BY NICHOLAS GORDON
July 30, 2021 1:51 AM GMT-3
The thing about big data is that it’s supposed to be “big.”
But massive data sets aren’t essential for A.I. innovation, says Andrew Ng, founder and CEO of startup Landing AI and cofounder of Google Brain, the tech giant’s A.I. and deep-learning team.
Currently, a typical A.I. system is developed by feeding it large amounts of data.

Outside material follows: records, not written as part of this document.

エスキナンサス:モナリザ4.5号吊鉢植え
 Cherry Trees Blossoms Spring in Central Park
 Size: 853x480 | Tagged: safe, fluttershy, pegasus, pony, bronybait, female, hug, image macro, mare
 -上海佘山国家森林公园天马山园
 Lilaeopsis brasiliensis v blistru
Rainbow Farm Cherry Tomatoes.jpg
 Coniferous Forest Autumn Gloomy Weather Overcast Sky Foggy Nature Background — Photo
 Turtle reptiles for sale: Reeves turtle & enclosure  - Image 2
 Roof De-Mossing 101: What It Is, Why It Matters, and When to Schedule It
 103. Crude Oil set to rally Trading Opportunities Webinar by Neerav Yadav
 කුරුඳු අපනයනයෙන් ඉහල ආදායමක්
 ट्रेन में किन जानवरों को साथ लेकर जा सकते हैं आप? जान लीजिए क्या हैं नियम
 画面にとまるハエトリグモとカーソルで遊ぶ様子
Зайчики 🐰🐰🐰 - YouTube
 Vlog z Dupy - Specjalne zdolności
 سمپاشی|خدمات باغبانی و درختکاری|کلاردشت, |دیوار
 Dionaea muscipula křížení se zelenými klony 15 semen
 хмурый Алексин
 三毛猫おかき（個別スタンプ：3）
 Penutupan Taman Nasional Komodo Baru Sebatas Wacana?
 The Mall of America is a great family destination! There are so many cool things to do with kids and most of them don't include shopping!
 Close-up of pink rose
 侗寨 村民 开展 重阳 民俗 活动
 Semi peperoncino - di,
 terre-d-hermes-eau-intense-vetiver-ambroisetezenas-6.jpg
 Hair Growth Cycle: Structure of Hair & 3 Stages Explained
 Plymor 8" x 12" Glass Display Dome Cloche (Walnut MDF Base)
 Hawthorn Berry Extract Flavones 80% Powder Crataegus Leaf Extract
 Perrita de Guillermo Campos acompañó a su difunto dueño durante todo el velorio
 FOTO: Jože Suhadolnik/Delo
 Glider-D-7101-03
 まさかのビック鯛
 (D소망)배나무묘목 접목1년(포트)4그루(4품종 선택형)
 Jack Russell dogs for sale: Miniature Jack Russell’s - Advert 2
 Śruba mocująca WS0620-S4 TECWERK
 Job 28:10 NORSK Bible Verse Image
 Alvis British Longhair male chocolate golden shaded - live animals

The system then uses patterns within that data to draw useful connections, for example, using customer data to better understand consumer preferences, leading to more tailored advertising, better recommendations, and more sales.
But with this type of A.I. development, the only way to improve the system is to throw more data at it, and only a few companies in a few countries either have sufficient data or the resources to acquire more of it.
Those constraints limit the potential for innovation, as up-and-coming firms are outcompeted by giants with better A.I. systems trained on huge data sets.
The same can be said of countries vying to become A.I. leaders.
Kai-Fu Lee, author of AI Superpowers: China, Silicon Valley, and the New World Order, has called China the “Saudi Arabia of data,” since its tech firms can leverage gigantic amounts of data produced from its massive population.
As Lee noted in 2019,
- “People [in China] are ordering takeout 10 times more than the U.S.
- They’re doing mobile payment 50 times more than the U.S.
- They’re ordering shared bicycles 300 times more than the U.S.
And all that data can be fed into an engine to make money as well as to improve user experience.”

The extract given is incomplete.